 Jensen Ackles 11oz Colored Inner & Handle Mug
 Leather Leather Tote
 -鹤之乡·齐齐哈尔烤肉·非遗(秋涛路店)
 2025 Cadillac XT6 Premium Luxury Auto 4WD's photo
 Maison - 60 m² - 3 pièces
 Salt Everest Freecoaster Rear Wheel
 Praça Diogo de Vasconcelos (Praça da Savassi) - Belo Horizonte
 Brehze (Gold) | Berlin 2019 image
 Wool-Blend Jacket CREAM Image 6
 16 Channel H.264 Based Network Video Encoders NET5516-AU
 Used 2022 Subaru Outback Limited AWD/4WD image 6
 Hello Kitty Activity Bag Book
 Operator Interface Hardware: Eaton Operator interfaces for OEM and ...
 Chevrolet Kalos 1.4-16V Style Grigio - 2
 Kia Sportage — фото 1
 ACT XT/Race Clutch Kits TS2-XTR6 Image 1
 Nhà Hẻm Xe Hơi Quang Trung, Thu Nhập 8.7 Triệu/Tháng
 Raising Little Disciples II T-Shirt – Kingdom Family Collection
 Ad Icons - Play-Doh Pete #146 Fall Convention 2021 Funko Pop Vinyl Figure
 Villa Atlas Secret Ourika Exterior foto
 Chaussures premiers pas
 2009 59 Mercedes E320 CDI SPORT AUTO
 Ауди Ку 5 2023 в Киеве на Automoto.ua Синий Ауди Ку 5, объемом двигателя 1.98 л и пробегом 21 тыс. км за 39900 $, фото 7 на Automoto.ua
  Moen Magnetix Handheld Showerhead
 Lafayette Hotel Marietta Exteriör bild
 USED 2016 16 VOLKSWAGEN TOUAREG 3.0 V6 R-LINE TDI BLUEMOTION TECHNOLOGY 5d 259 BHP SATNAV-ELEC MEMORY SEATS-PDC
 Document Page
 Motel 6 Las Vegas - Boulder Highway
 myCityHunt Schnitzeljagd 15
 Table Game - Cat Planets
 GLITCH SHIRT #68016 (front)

--------------------

Task directions: Starting at the first line of the records, print each line exactly, stopping after the line that contains "Salt Everest Freecoaster Rear Wheel".

Exercise answer:
 Jensen Ackles 11oz Colored Inner & Handle Mug
 Leather Leather Tote
 -鹤之乡·齐齐哈尔烤肉·非遗(秋涛路店)
 2025 Cadillac XT6 Premium Luxury Auto 4WD's photo
 Maison - 60 m² - 3 pièces
 Salt Everest Freecoaster Rear Wheel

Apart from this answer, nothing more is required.